Paul Bieber - Piper Jaffray
And then quickly on the taxes, what tax rate should we assume for 2007?
Sam Sun
Yes this is Sam. About the tax rate, actually starting from 2007 most of our KongZhong group's companies, their tax holidays ended. But of course starting from 2007, we are going to have 50% tax rate reduction. The standard tax rate for our type of high-tech companies is 15%. So the 50% reduction, meaning that in 2007 we are going to have an average 7.5% income tax rate. But in addition to that, there will be some expenses that according to our China tax code that are not allowed for tax deductions. So, I think a reasonable estimate would be 7.5% of tax rate plus a rough $1 million tax expenses for those non-tax-deductible items.
Paul Bieber - Piper Jaffray
Okay. Thank you very much.
Sam Sun
Thank you.
Operator
Your next question comes from the line of Lin Shi with Lehman Brothers. Please proceed.
Lin Shi - Lehman Brothers
Hi, good morning. Thank you for taking my question. The first question is on Kong.net. If possible it would be great if you can provide us some growth or any data on user traffic and also the ranking of China Mobile?
Nick Yang
This is Nick, the President for the company. About the user traffic and data, we haven't disclosed this number. There hasn't been an [operative] party who has a good track of all the websites. The problem with that, by disclosing by our self is that, because in the market there are lots of people, lots of private sites who yell out very number and also they have different ways. They can increase their traffic and increase their data, page views, and other numbers.
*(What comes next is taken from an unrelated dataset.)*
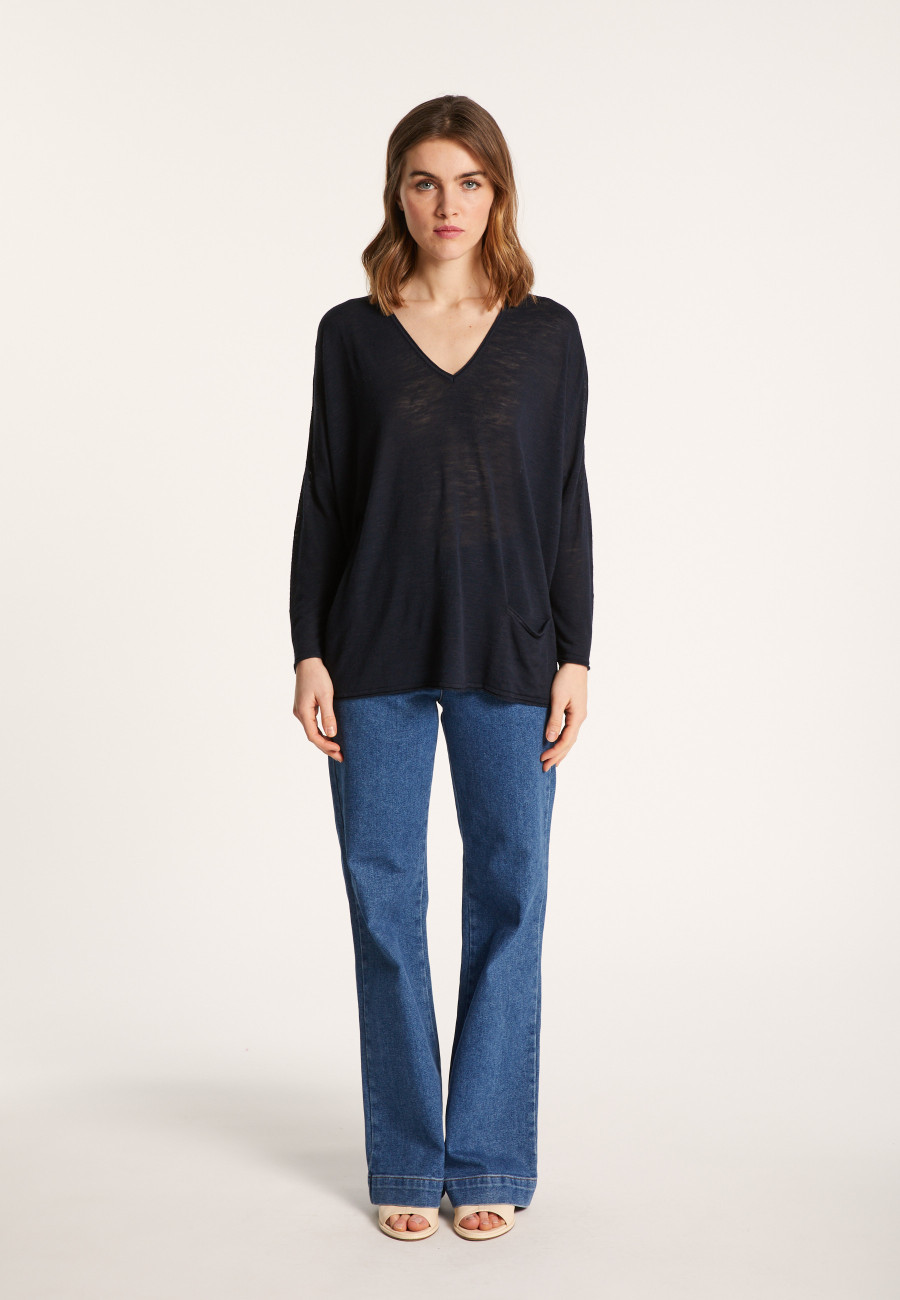 T-shirt ample en lin flammé - Balou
So, we don't want to get into game, that's why we haven't disclosed these numbers. But we can assure you that we are one of the leading wireless Internet portals and we have continued to invest a lot of efforts in building our traffic and user numbers internally. And also because the number I think Yunfan has given in his comments is a number we gave out as our revenue target, until the amortizing is in this space.
Lin Shi - Lehman Brothers
Okay, thanks. Also for your advertising client base would you give a little bit more color?
Sam Sun
Yeah this is Sam. Now for the advertising customers, say for Q4 of 2006 we actually have about 10 advertising customers. They come in from all different categories. First category, they comes from the cell phones manufacturers which is quite outstanding because they are may be the first group of people who kind of set this mobile advertising concept, so Motorola and Sony Ericsson. The second category is coming from car manufacturers like BMW. Third category is coming from consumer products like Pepsi. Fourth category is coming from financial institutions; we have DBS as our advertising customer. And we also have some other customers, small ones.
Lin Shi - Lehman Brothers
Alright, that's helpful. Another thing is I noticed your SMS revenue despite a very hard market condition actually grew Q-on-Q. Could you please explain the reasons behind?
Sam Sun
Yes the SMS revenue grew in Q4, primary coming from the non-China Mobile revenue because of the Sharp Edge integration. As we mentioned before, we acquired Sharp Edge in Q1 2006. And towards the end of Q3, we have successfully integrated Sharp Edge's operation into our operations. So in Q4, we actually enjoyed some synergy from them. And also in Q4, we made a lot of efforts in working with those non-China Mobile telecom operators, namely; China Telecom, China Netcom and China Unicom. So, we got pretty good revenue from them. Those are 2G services, so most of those 2G services are actually coming from the SMS.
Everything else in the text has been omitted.